Review: Endless Poetry at VIFF

Still from Jodorowsky's  Endless Poetry

Still from Jodorowsky's Endless Poetry

It’s a testament to Alejandro Jodorowsky’s myth that, in order to see anything about his new movie released this month, you have to get your key words right. Google “Jodorowsky” and you’ll have to scan to about the third page 3 to see anything about it, and even these headlines, like the intervening pages, are more interested in Jodorowsky the myth than Jodorowsky the movie-maker. Here you’ll learn that Jodorowsky is a psycho-shaman, tarot guru, and comic book artist who’s had his fair share of encounters with media legends: he’s read Kanye West’s tarot, conducted Marilyn Manson’s marriage, received a million dollars from John Lennon, all in the name of self-realization and spiritual expansion. He met Pink Floyd, Salvador Dali, Orson Welles, Mick Jagger. Some would say they met him.

In all of this, it’s easy to forget that Jodorowsky makes movies at all. He might be the only director—the career that’s meant to put you behind the camera—more famous than his movies. Which is sad, because it’s Jodorowsky the director, I think, that I’ve been interested in, or wanted to be interested in; the one who criticizes money’s role in art and is ambitious enough to think that he can “change the minds of all the young people in the world” with a 15 hour space opera (is anyone else bold enough to think and claim their art has political merit anymore?). With this in mind, I went to Endless Poetry to see what Jodorowsky can do with film, but I also went to see why and whether it’s fair that Jodorowsky is more famous than his movies are, and what that might mean. I left conflicted.

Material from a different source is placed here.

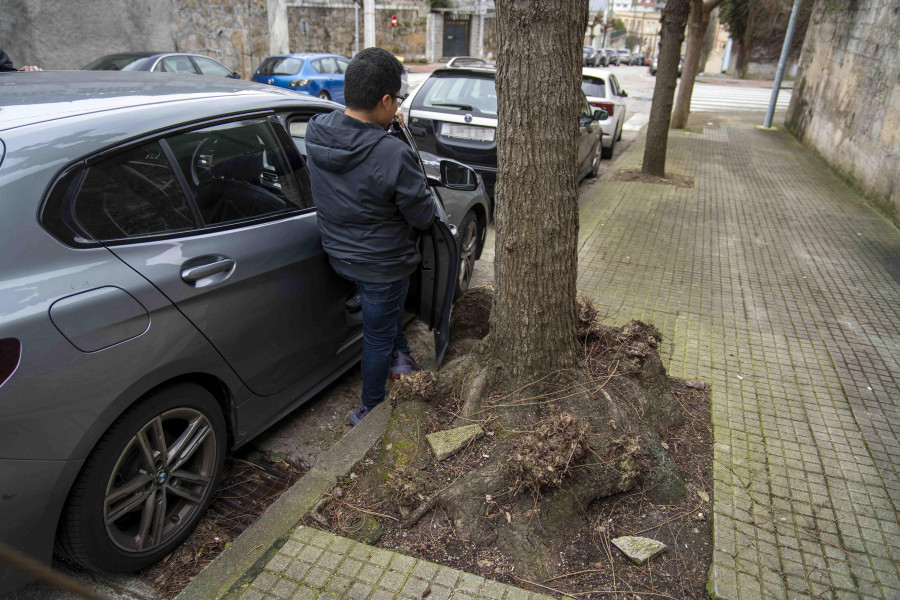 El Ayuntamiento talará los árboles que dañan las aceras del HM Modelo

Endless Poetry really starts already a few minutes into the movie, around a gambling table. Young Jodorowsky (the movie is loosely autobiographical) stands by his father while cards are dealt out to the adults—a group of carnivalesque characters out of a Lynchian dream sequence. So what is the boy going to be, the adults want to know? I’m going to be a poet, Jodorowsky says. No, his father grabs him by the cuff, you’re going to be a doctor. No, Jodorowsky thinks, I am going to be a poet. As evidence for his claim, Young Jodorowsky’s first poetic act is to walk out the door and axe down their family tree. So starts his (mis)adventures.

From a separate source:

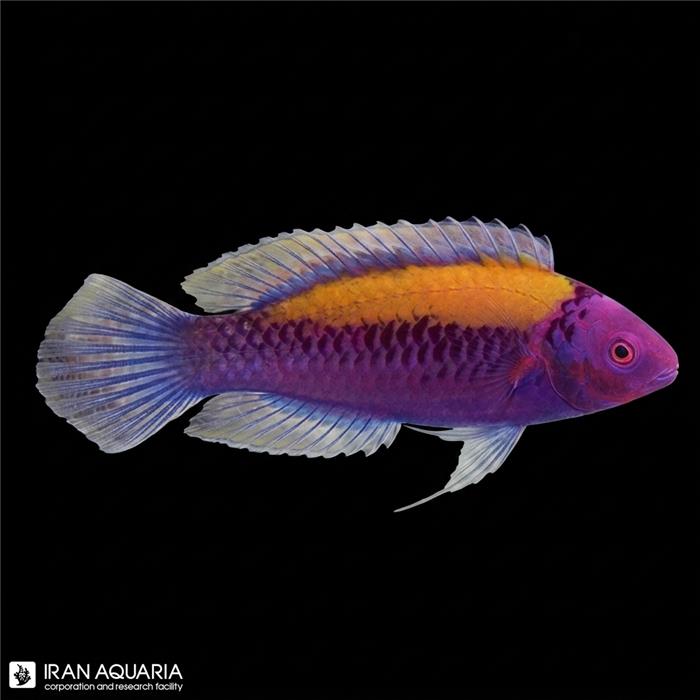 راس فرشته‌ پشت نارنجی (Orange-Back Fairy Wrasse)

The rest of the movie tracks Young Jodorowsky coming of age as a twenty-something poet-rebel in 1940s Santiago. This premise could have lost me—everyone 20+ has seen enough bildungsromans to know the genre’s lessons, that “life is complicated,” “that relationships are complicated,” “that sometime’s the best way to find yourself is to stop looking”—but Endless Poetry is hallucinatory enough to make them feel new and unfamiliar. So Young Jodorowsky’s first girl friend (a cliche of the genre) is a burlesque punk poetess (decidedly not a familiar cliche of the genre) who holds his groin in her hand when they walk around the city, or anywhere. His first house—another cliche of the genre—is reimagined as a plaza for parties with strange communal rituals, which in one case leads to a handless man’s wife consensually groped on stage. Things get weirder; Young Jodorowsky cheats on a friend with his menstruating girl friend, he throws veiny red meet and eggs at an audience, he sells puppets. Halfway into the movie, you can perceive it’s still the same meat-and-egg throwing Jodorowsky behind the camera. He wants you to feel uncomfortable, offended, and lively.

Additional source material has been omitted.